夏の風物詩ともなった野外フェスティバル。フジロックのフィールド・オブ・ヘヴンや朝霧高原ジャムなどで、どんどん若いファン層を掴みながら大きなシーンを作りあげているのがジャム・バンドである。
ジャム・バンドとは、文字通り解釈すると、ジャム(ジャムとは即興的な演奏)をするバンドのことで、ライブにおいて即興演奏を主体にするロック・バンドから、イメージが広がっていった音楽ジャンル(バンド)と捉えることができる。今や、ジャム・バンド・シーンは、ロックだけでなく、ブルーグラスやジャズ/ファンク、ワールド・ミュージック、エレクトロニカなど、その音楽性はもはや一つのジャンルでは括れないほど多岐に渡っている。
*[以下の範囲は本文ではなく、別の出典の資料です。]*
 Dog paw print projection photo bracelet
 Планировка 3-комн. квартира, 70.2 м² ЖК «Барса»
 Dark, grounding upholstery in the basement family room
ジャム・バンドという呼び方自体は、90年代初め頃から使われ出したものだが、その原型となるバンドには、60年代のヒッピー・ムーヴメントから出現したグレイトフル・デッドが、まず挙げられる。ジャズ的なイディオムも取り入れた長〜いインプロヴィゼーションを展開するサザン・ロックのオールマン・ブラザース・バンドも原型といえるだろう。スピリチュアルな部分も含め、デッドの後継バンドといえるのがフィッシュであったが、すでに解散。現在、その流れはストリング・チーズ・インシデントやmoe.、そしてオールマン一派であるデレク・トラックス・バンドやガヴァメント・ミュールなどが引き継いでいる。
一方、ジャズ系となるとクラブ・ミュージックの流れを汲んだUS3というバンドがブルーノートから出現。その後、ジャム・バンドの代表的な存在となるメデスキ・マーティン&ウッド、後を追ってソウライヴが出てきてジャズ系ジャム・バンドの王道となる。ファンク色が強いギャラクティカ、ニュー・マスターサウンズあたりにも注目。メイン・ストリームのジャズからジャム・バンド風展開を見せるのが、マイルスのバンドにいたジョン・スコフィールドや、パット・メセニーなど。
最近では、テクノ/トランス系のジャム・バンドも一大勢力を形作っており、さらにオーガニックな味わいを持つサーフ系ともいえるシム・レッドモンド・バンド、大御所ジャック・ジョンソンなども幅広いファン層を掴んでいる。